[Content warning: Swearing. Lots of it.]
[Update: I got my principle back, minus a few Dollars for fees and a few Euros because the Dollar got stronger.]
So during the sedisvacancy I put $500 into Intrade, betting most of it on the conclave’s outcome. Yep, that’s totally legal canonically, though I’m not quite sure about Germanically. If they hadn’t canceled all positions a few days before the conclave, I would have won, by my calculation, $82.41. Now it looks like even my original investment is in danger.
No need to worry about my wellbeing, I can afford the loss, or I wouldn’t have been gambling with that money in the first place. This isn’t my lunch, it’s my Nexus 10. Still, I am really fucking pissed off and need to vent a little.
Random points of random:
- Conspiracy theory: When the American authorities shut Americans out of Intrade for flimsy reasons a few months ago, did they know something?
- Alternative speculation: Or otherwise, did the exodus of American customers break the camels back?
- Incredulous swearing: How the fuck do you need external auditors to tell you the balance on your bank accounts is $700000 less than in your computer system? This ain’t rocket surgery.
- Policy proposal: The directors of a financial service company should have to pledge their personal property on its survival. Not because there would be much to collect but to align incentives.

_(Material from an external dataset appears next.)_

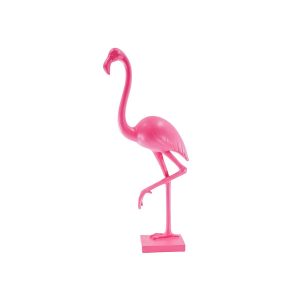 Ornament - Flamingo - Polyresin - Roze - 16,5x10x39cm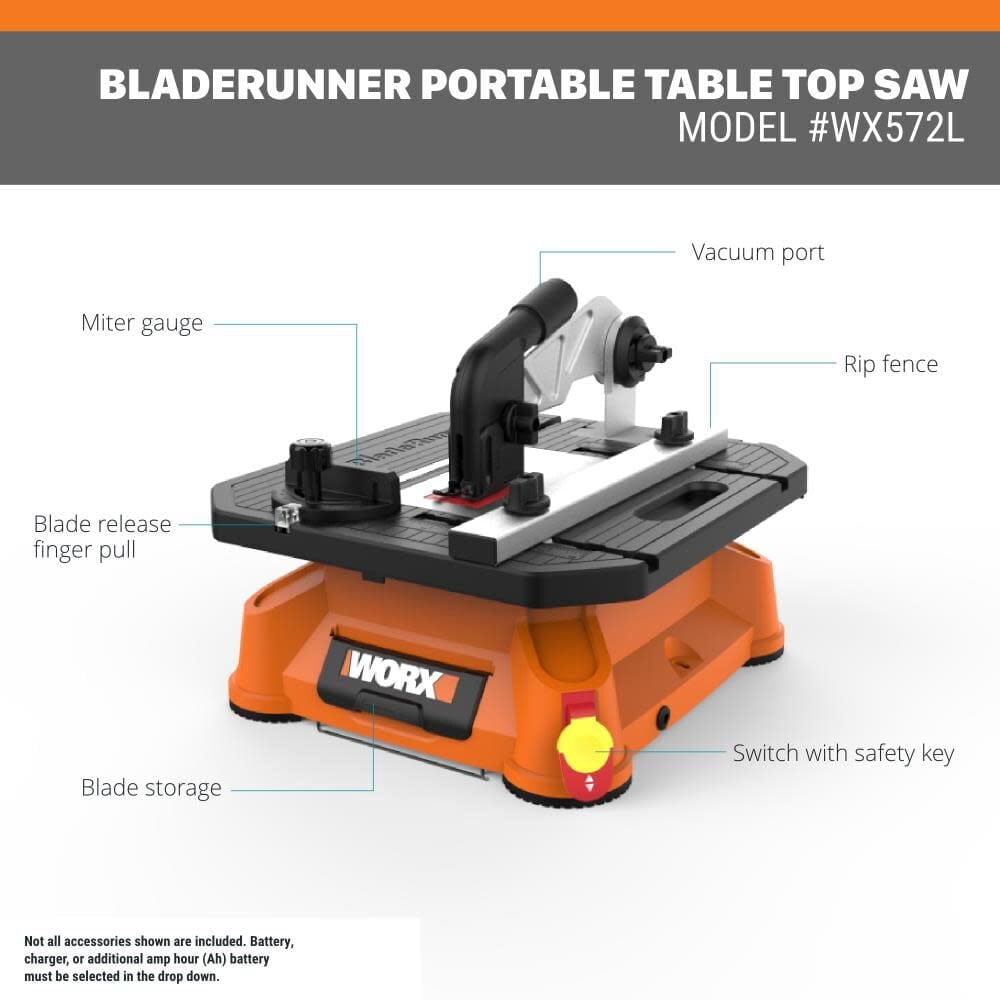 Worx WX572L BladeRunner Tabletop Saw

- Insight: Perhaps illiquid markets are illiquid for reasons.
- Dire prediction: For the foreseeable future, this is the end of prediction markets. Governments don’t like them, so there will be no properly regulated versions. The main prediction market advocates are libertarians anyway, so basically nobody wants prediction markets regulated to the the degree that is objectively necessary for them to work. And the free market is plainly unable to do it. Sorry GMU econ department, come back in 50 years.
If you wanted to have a punt on the papal conclave, why didn’t you stick with a bookie? Okay, maybe America doesn’t permit online betting (I know nothing about it) but far as I’m concerned, stock markets are gambling and if I’m going to gamble, I’ll stick with the fellas shouting the odds on the racecourses.
Sorry to hear you got stung, but in future why not just buy a lottery ticket if you want to waste money?
No, that’s harsh. But according to the Irish satirical magazine, “The Phoenix”, which did a bit about the woes of Intrade in its issue of 11th January this year because the late John Delaney, its founder, was Irish:
“Intrade filed accounts which raise questions over payments made into bank accounts controlled by the founder of the firm, John Delaney…According to the 2010 accounts for Intrade…over $1.2 million was transferred into accounts controlled by Delaney. The nature of these payments is unclear because of insufficient documentation, the accounts state….A note from the Intrade accounts also states that the current directors are aware of issues identified related to ‘significant financial inaccuracies’ in the company’s internal accounts for previous years”
So it looks as though, for at least three years, the accounts were in a dodgy state – sufficient reason for the U.S. government to take action, I would have thought? And another reason why I don’t think prediction markets are this shiny new improved instrument of policy-making which will be impervious to the bad old manipulations of the stock market because goodness, why would anyone want to cook the books to make more dough?